The rebels say they believe everything will go smoothly, and they appear to have trained some police to protect sensitive infrastructure and maintain law and order. But hope is not a plan. They need to get things under
control as quickly as possible, appealing for foreign help if need be.
European governments could step up to this challenge, since they are tied to Libya via gas pipelines that float beneath the surface of the
Mediterranean. If Libya succumbs to chaos, it will be to Europe that refugees will flow, and mostly European investments in Libya that will be lost. Unfortunately, Washington seems to have allowed Europe to remain distracted with its own financial problems. There does not appear to be any serious plan for dealing with chaos in Libya, which could quickly turn into a humanitarian disaster. American boots definitely do not belong on the shores of Tripoli, but it has happened before and may happen again.
The TNC will have to be particularly alert to risks of revenge killings against Qaddafi
loyalists, and of score-settling among rebels. They have already lost
one of their military commanders, apparently to rebel-affiliated attackers
who resented his role in Qaddafi's army. In immediate post-war situations,
the urge to exact quick justice is enormous.
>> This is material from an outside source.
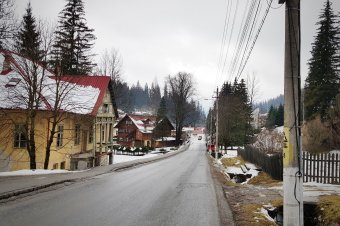 Havazik Hargita megye hegyvidékein, Borszék térségében hókotrókat is bevetettek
But allowing vigilantes to even the score will only
lead to a spiral of violence that is hard to stop and inimical to democratic
Virtually overnight, the rebel leadership will need to shift its focus from fighting Qaddafi's forces to protecting them. In the past few months, the local
councils that have emerged in liberated areas have not generally allowed violence against regime supporters. But that is partly because many of Qaddafi's loyalists
have fled from newly liberated towns to Tripoli. Their concentration there
and in his hometown of Sirte is going to make the challenge of transition much greater there than anyplace else in Libya.
It is critical that regime loyalists and rebels alike do not grab and
"privatize" state assets, as often happens in chaotic moments and
takes years to reverse. In the Democratic Republic of the Congo, for example, the government has been trying for years to recover valuable mines from those who took possession of them during the civil war. The liberty Libyans have fought for will require
massive rebuilding of the country's infrastructure and economy, which is in
miserable condition. Early efforts to ensure
transparency and accountability could help Libya avoid the kind of
corruption that has plagued Afghanistan and Iraq.
Only the most selfish and egotistical leader would fail to make arrangements
to transfer power and try to avoid bloodshed. Tunisia's President Zine el-Abidine ben Ali
fled, but left the country with a constitutional succession that is enabling
a relatively smooth transition. Egypt's Hosni Mubarak tried to
leave power in the hands of his vice president, a move negated only when the
army stepped in. Yemen's President Saleh has so far refused to allow a
constitutional succession, leaving his country seized with violence.
Qaddafi is still calling on his supporters to fight and vowing to restore his own version of law and order in Tripoli. This is Qaddafi's last misdeed. There is no constitution in Libya, so no clear constitutional succession. The revolutionaries have wisely written their own constitutional charter, but the real challenge will not be on paper. It will be in the avenues and alleys of Tripoli.